Dressons le décor: cela se passe à Morschwiller-le-Bas, village sundgauvien dans la banlieue ouest de Mulhouse, le 14 février 1871. Après la guerre de 1870, Paris capitule et le 17 janvier 1871 l’Armistice est signée à Versailles où BISMARCK proclame l’unité du Reich allemand.
A cette époque, dans la campagne alsacienne on parle le dialecte et on écrit en gothique d’où sera issue la Sütterlinschrift.
Ce 14 février une personne prend la plume et écrit à son frère, se trouvant en « vieille France ». Elle lui parle de la difficulté de lui envoyer de l’argent, faisant intervenir Madame BALDECK (qui travaille à la Fabrique) et Monsieur SCHAWANN. Ce dernier se rendra à Mulhouse pour envoyer la somme de 10 francs en question. L’auteur parle aussi d’un certain Joseph, se trouvant présentement à Lyon. Elle dit aussi que Jakob, frère de l’auteur et du destinataire, souhaite avoir l’adresse de ce dernier.
La lettre précise que le 8 février dernier les hommes ont dû voter (Assemblée Nationale) et que 11 hommes se sont présentés à Mulhouse. Elle ajoute wenn es jetzt nur Frieden gäb (si seulement on avait maintenant la paix).
Le scribe parle aussi des frais postaux et du risque que la lettre tombe entre les mains du Wilhelm (Guillaume II, le Kaiser Wilhelm), ce qui pourrait coûter cher !

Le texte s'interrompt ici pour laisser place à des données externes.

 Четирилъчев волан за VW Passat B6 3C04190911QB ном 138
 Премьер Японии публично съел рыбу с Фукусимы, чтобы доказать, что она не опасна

Enfin celle qui écrit transmet les amitiés de ses père et mère et de sa soeur, et conclue en écrivant die Preussen haben auch Belfort noch nicht und ich glaube auch dasz das Elsas noch nicht preussich wird (les prussiens n’ont pas encore Belfort et je crois aussi que l’Alsace ne deviendra pas encore prussienne !)
Malheureusement on sait ce qu’il en adviendra ! Le 17 février 1871, trois jours après la lettre, Keller proteste à Bordeaux « contre la volonté du gouvernement français de « Lâcher » l’Alsace-Lorraine, « comme Alsacien et comme Français, contre un traité qui est… une injustice, un mensonge et un déshonneur » ». Voir ici ===>>>
Le 28 février 1871 la France signe les préliminaires de la paix en acceptant l’annexion de l’Alsace et d’une partie de la Moselle par le Reich.